Your health—or that of a family member—can also be a factor if you believe you may need to move soon to receive or give care. Many assisted living, continuing care, or independent living communities are rent-only, leaving you with no choice if that’s where you’ll live.
If you do end up renting, a long-term lease will lessen the uncertainty of rising rents.
It’s important to compare the cost of renting to owning in the place where you plan to live. According to a 2016 report from Trulia, renting was less expensive in 98 out of 100 cities with a large population of residents 65 and older. Nevertheless, it’s worth noting that in the South owning is typically less expensive than renting.
When you rent, you will likely not have to pay for major-league, structural maintenance. According to Millionacres.com, homeowners spend between 1% and 4% each year on upkeep on average. The older the home, the higher the percentage. One caveat: Read the lease carefully before you sign and make sure your landlord is responsible for all (or nearly all) maintenance and repairs, especially if you’re renting a house.

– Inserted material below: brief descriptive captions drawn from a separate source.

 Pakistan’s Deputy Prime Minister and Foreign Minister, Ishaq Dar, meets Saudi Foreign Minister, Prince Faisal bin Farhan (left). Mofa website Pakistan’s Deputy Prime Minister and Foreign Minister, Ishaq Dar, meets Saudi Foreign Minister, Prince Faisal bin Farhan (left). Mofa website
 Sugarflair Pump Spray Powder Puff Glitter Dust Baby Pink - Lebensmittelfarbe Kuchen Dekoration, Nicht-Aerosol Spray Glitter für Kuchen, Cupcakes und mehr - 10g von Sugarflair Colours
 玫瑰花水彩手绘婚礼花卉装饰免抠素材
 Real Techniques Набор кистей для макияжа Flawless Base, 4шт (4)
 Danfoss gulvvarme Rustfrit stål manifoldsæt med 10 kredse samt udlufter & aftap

It’s not just the cost. As you get older, your ability to do any of these jobs yourself will inevitably decline. Maybe you don’t want to live somewhere that finds you regularly standing on ladders to change the light bulbs or shoveling snow from the sidewalk—or the roof. That’s when a super or building handyman can really help.

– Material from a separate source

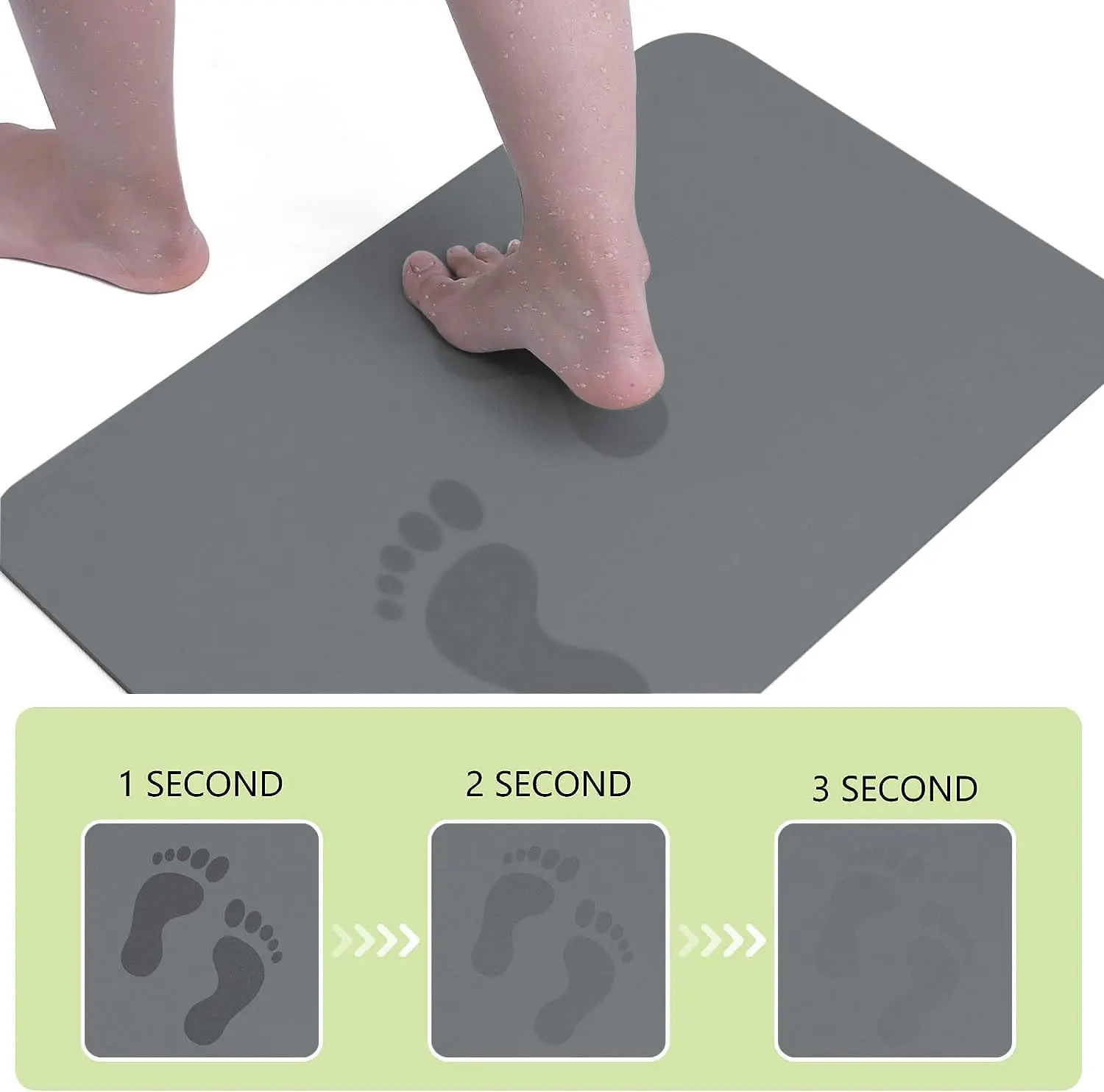 Stone Bath Mat Quick Dry Non-Slip Diatomaceous Earth - Image 4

Renting may free up money that you can invest. That keeps you liquid and can increase your overall income during your retirement years. Investments often grow at a faster rate than real estate appreciates, making them an even better use of your money. Also, ownership puts you at risk in the event of another housing-market crash—something renting does not do.
Little maintenance expense, responsibility
Flexibility in moving
Fewer costs, taxes
Unpredictable rent increases, eviction
No tax benefits
Inability to customize home
The Bottom Line
For many people approaching retirement, the decision of whether to keep the family manse or downsize to a smaller place is a difficult one. If they do decide to move, the stress and expense that can come with homeownership come into play. Whether to own or rent a home in retirement involves several considerations, such as:
- What are the tax perks of renting vs. owning?
- Is the home a potential investment opportunity or just another expense?
- Which risks come with homeownership, in terms of unexpected costs, and can your budget withstand them?